Supplied information –
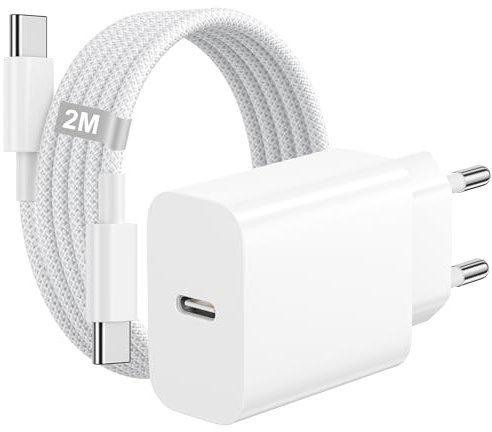 25W Cargador Carga Rapida for iPhone 16/16 Pro/16 Pro Max/16 Plus/15/15 Pro/15 Pro Max/15 Plus/iPad, Cargador USB C Carga Rapida Tipo C Adaptador Corriente USB c con Nailon Trenzado Cable USB C 2M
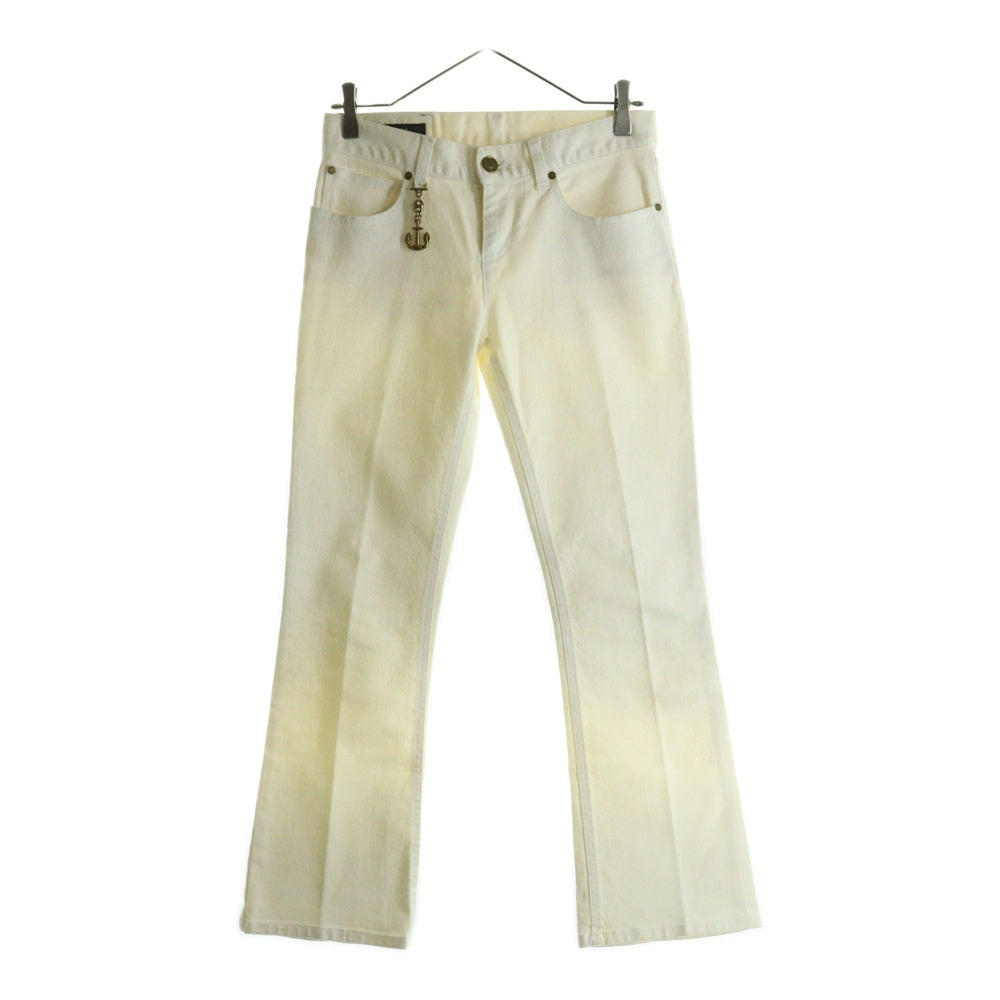 GUCCI(グッチ) アンカーチャーム ロゴ刺繍 レザーロゴパッチ ストレートデニムパンツ ジーンズ ホワイト 172316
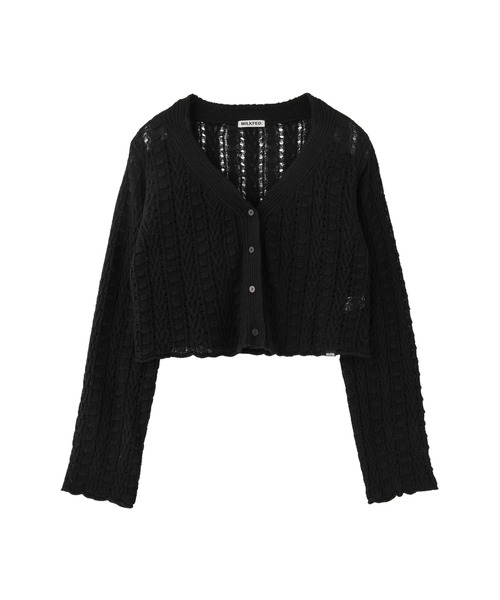 MILKFED.（ミルクフェド）の「OPENWORK CABLE KNIT CARDIGAN（カーディガン/ボレロ・レディース・オフホワイト/マルチ/ブラック・ONE SIZE）」の17枚目の写真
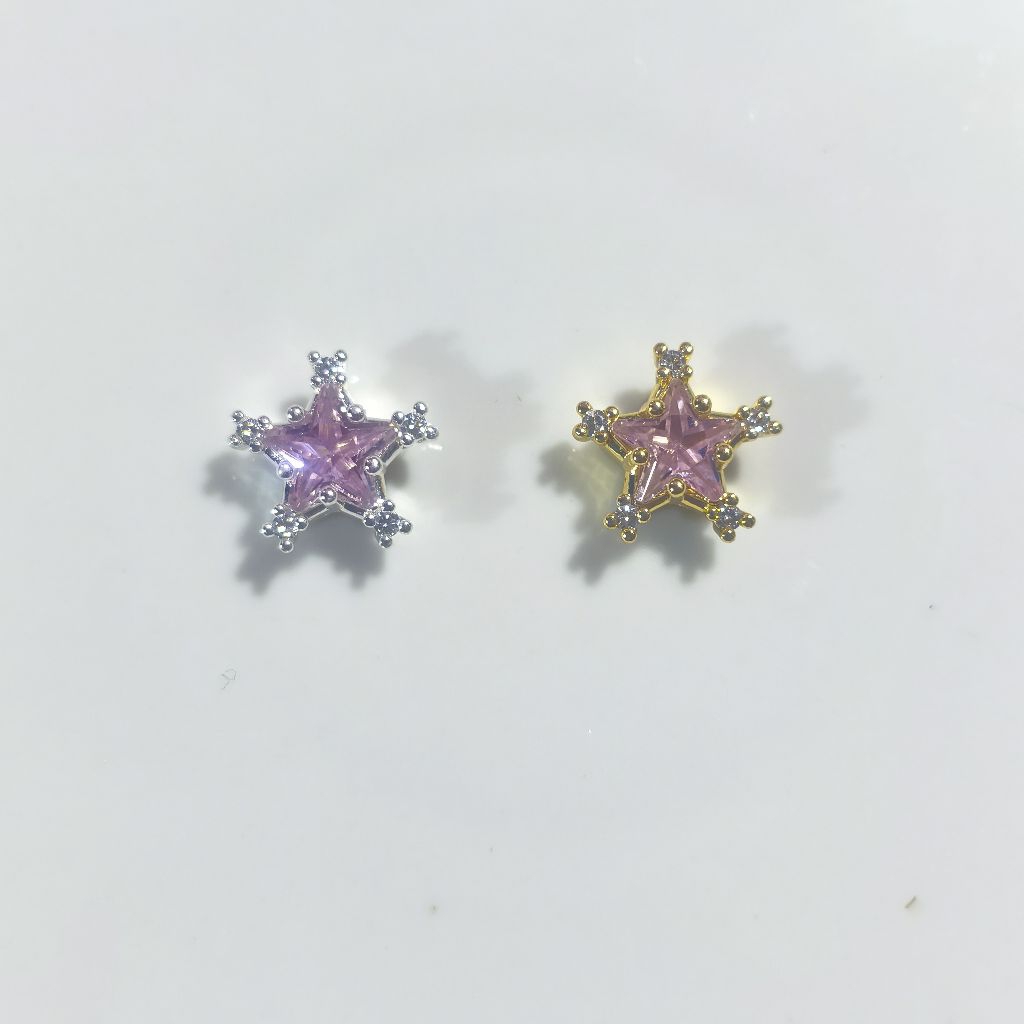 manik zircon bintang gold/silver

Problem to work on – Word for word, give the data above again, without any images.

Exercise output –
 25W Cargador Carga Rapida for iPhone 16/16 Pro/16 Pro Max/16 Plus/15/15 Pro/15 Pro Max/15 Plus/iPad, Cargador USB C Carga Rapida Tipo C Adaptador Corriente USB c con Nailon Trenzado Cable USB C 2M
 GUCCI(グッチ) アンカーチャーム ロゴ刺繍 レザーロゴパッチ ストレートデニムパンツ ジーンズ ホワイト 172316
 MILKFED.（ミルクフェド）の「OPENWORK CABLE KNIT CARDIGAN（カーディガン/ボレロ・レディース・オフホワイト/マルチ/ブラック・ONE SIZE）」の17枚目の写真
 manik zircon bintang gold/silver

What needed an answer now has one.